# Making/saving money on the road



## NewMexicoJim (Jan 26, 2020)

I have begun my rubbertramp odyssey as a volunteer for federal land management agencies. It doesn't pay but you can get free hookups and sometimes a stipend for expenses. You can work in some of the most beautiful places in this country. Commitments range from 2 months to permanent. check out www.volunteer.gov for available gigs.

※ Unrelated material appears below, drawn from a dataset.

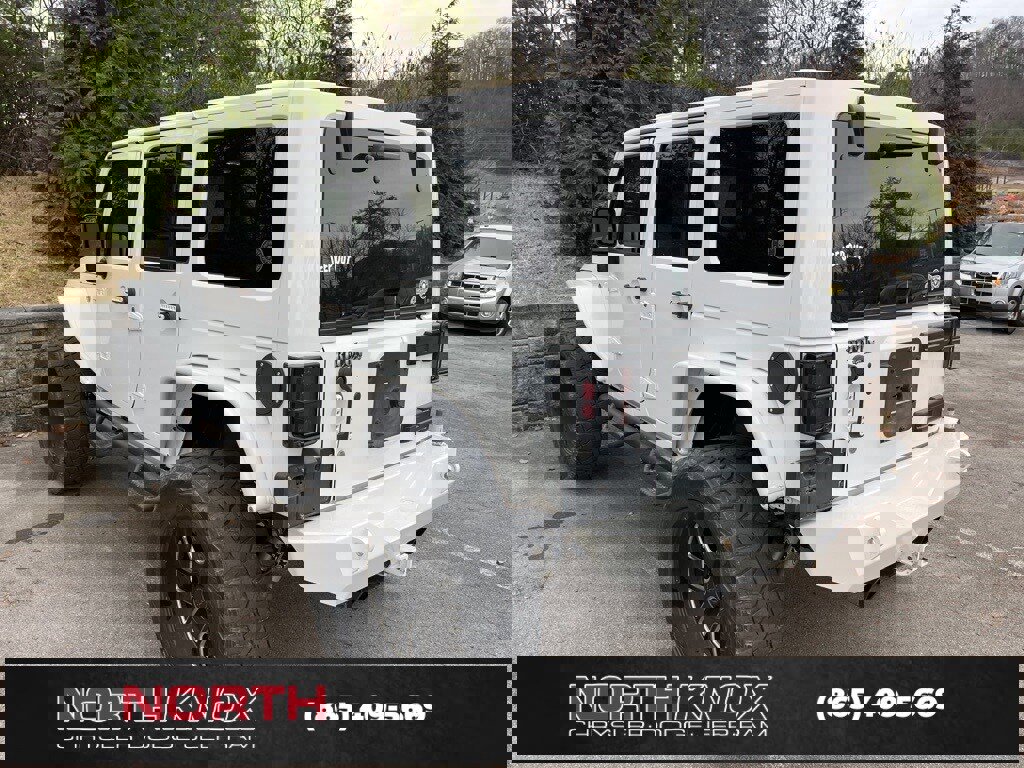 Used 2015 Jeep Wrangler Unlimited Sahara image 4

There is another site listing paying gigs, mostly at RV parks and they usually look for couples. Pay ranges from 7/hr - 15/hr depending on location and duties plus full hookups and other amenities. I prefer the volunteeriing gigs but if interested, check out www.workamper.com

If anyone knows about other types of gigs, please post below, thanks.


----------



## Windwalker (Feb 1, 2020)

Hostels often hire help.


----------



## Blob (Apr 24, 2020)

When volunteering there's a stipend involved and they house you? No matter experience?


----------



## NewMexicoJim (Apr 25, 2020)

You have to apply for the position. Most include free hookups and some will supply propane and/or a stipend for expenses. Check the listing on volunteer.gov to see requirements and benefits.


----------



## NewMexicoJim (Apr 25, 2020)

Some positions also offer housing, it just depends on each place.


----------



## Blob (Apr 25, 2020)

Thank you


----------